Friday, March 31, 2006

Speaking of entitlement,

I just read the Dear Prudence column in Thursday's (yesterday) Slate. Usually I don't have a problem with the responses because the original Prudence was typically right on target. However, this new Prudence I'm not sure gets it and the very first bit of *advice* proves it.

Dear Prudence,

For the past few years, I've been dating a man in a significantly different socioeconomic class from mine. Between the two of us, this isn't much of a problem because his wealthy parents raised him with humility and social awareness, but among some of his friends, I often feel horrified by their entitled attitudes. They complain about having three weeks in Italy this summer and how boring that will get. They turn to me and ask which is my favorite thing about France, the city or the countryside? When I politely remind them of my status, which includes having been really hungry with nothing to fall back on, never having traveled to Europe, and paying for my own education, they say, "Oh, how lovely to have had that experience! You should write a novel about it!" How can a poor person politely explain to a wealthy one that their bourgeois dilemmas are hurtful to hear about, and that having one's painful experiences ironically aestheticized is no favor?

—Ex-Redneck Grad Student
This all seems reasonable to me as many of us have had the distinct pleasure of being around people like what Ex-Redneck mentions.
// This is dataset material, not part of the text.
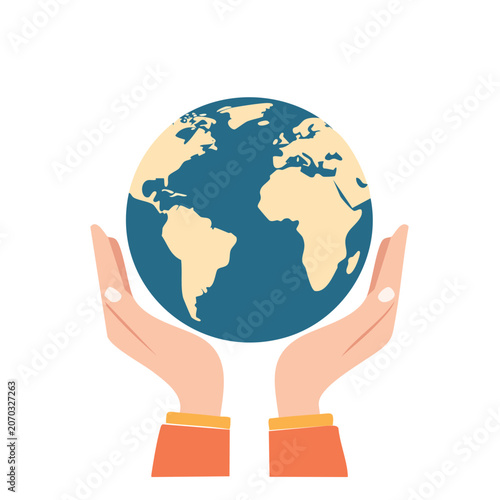 Hands holding the Earth globe vector illustration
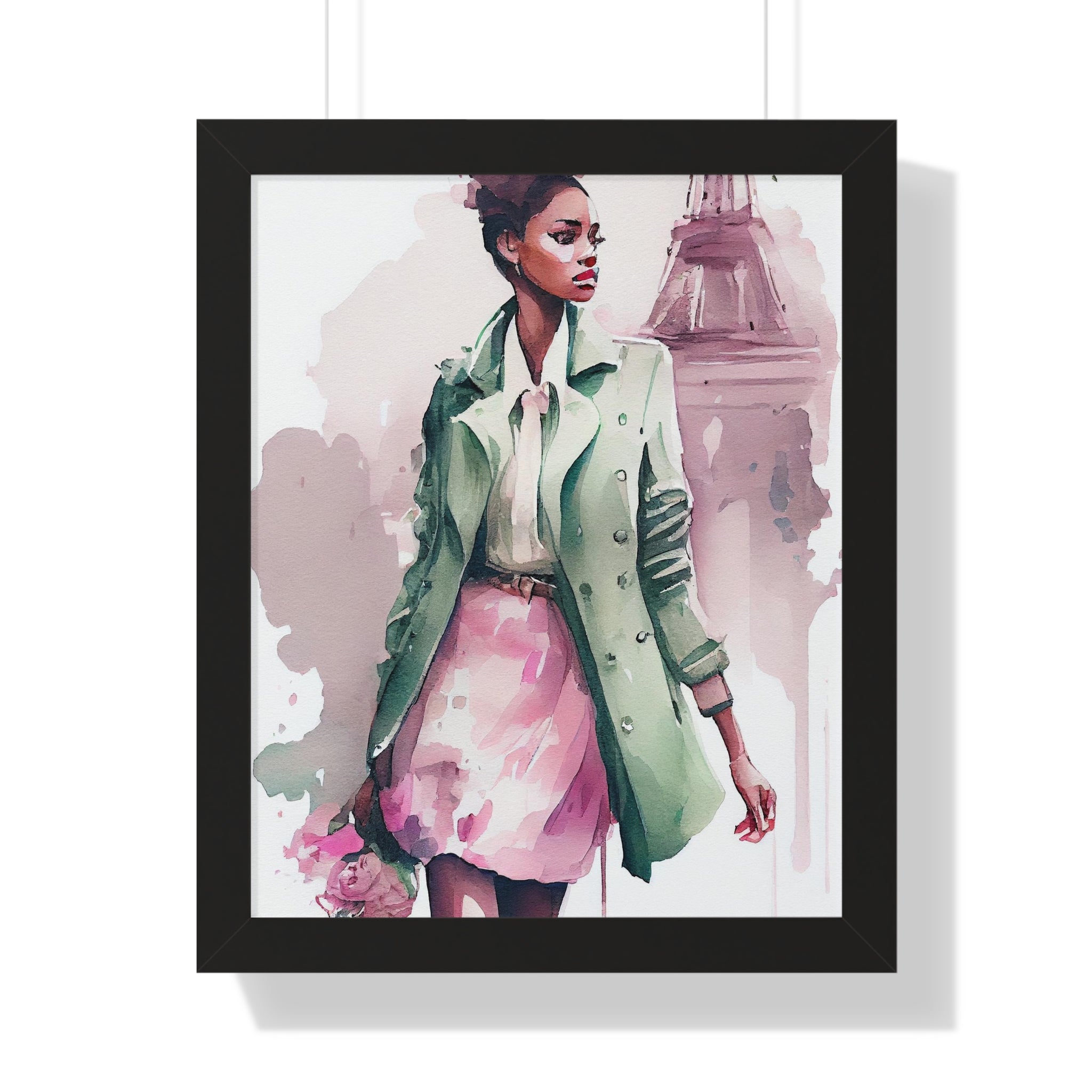 "BLACK WOMAN PARIS STREETS" Framed Vertical Poster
You know the kind; as soon as you tell them you drive an '89 Ford Taurus, they ho-hum for a bit before excusing themselves.
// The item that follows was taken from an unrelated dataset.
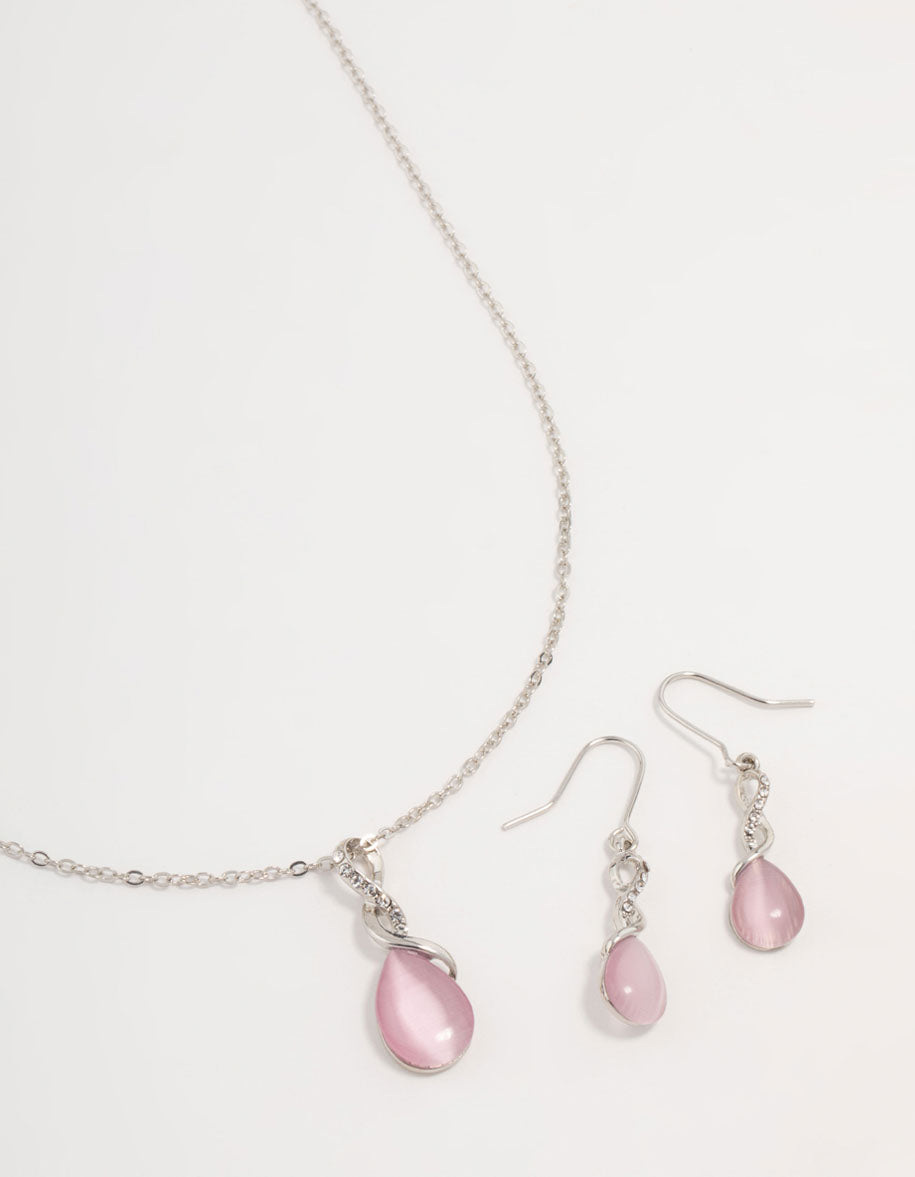 Silver Cat Eye Twisted Necklaces & Stud Earrings Set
Now for Dear Prudie's answer:

Dear Ex,

Maybe you've been watching too much Masterpiece Theatre—these people aren't viscounts and duchesses and you're not the scullery maid, they just grew up with more money than you. You made it out from poverty and are putting yourself through graduate school, where you can flaunt your vocabulary—"ironically aestheticized" indeed. Yes, it is obnoxious to assume everyone's traveled to France. But in response to your self-pitying tale, suggesting you write a novel was certainly more polite than pointing out that the chip on your shoulder is the size of the Appalachians. Spending the evening referring to your financial status makes you a bore—and that's true whether you're rich or poor. If you can't find more congenial topics to discuss when you're with these people, at least you can have some laughs with your boyfriend later about their cruel fate at having to spend three weeks in Italy.

—Prudie
I'm wondering where exactly the big chip on Ex-Redneck's shoulder lies, aren't you? I also don't recall her saying she has spent entire nights discussing her financial status with "those people". For the record, I would not find someone telling me "Oh, how lovely to have had that experience! You should write a novel about it!" as polite so much that I would find it patronizing and condescending being as they just whined about spending 3 boring weeks in Italy.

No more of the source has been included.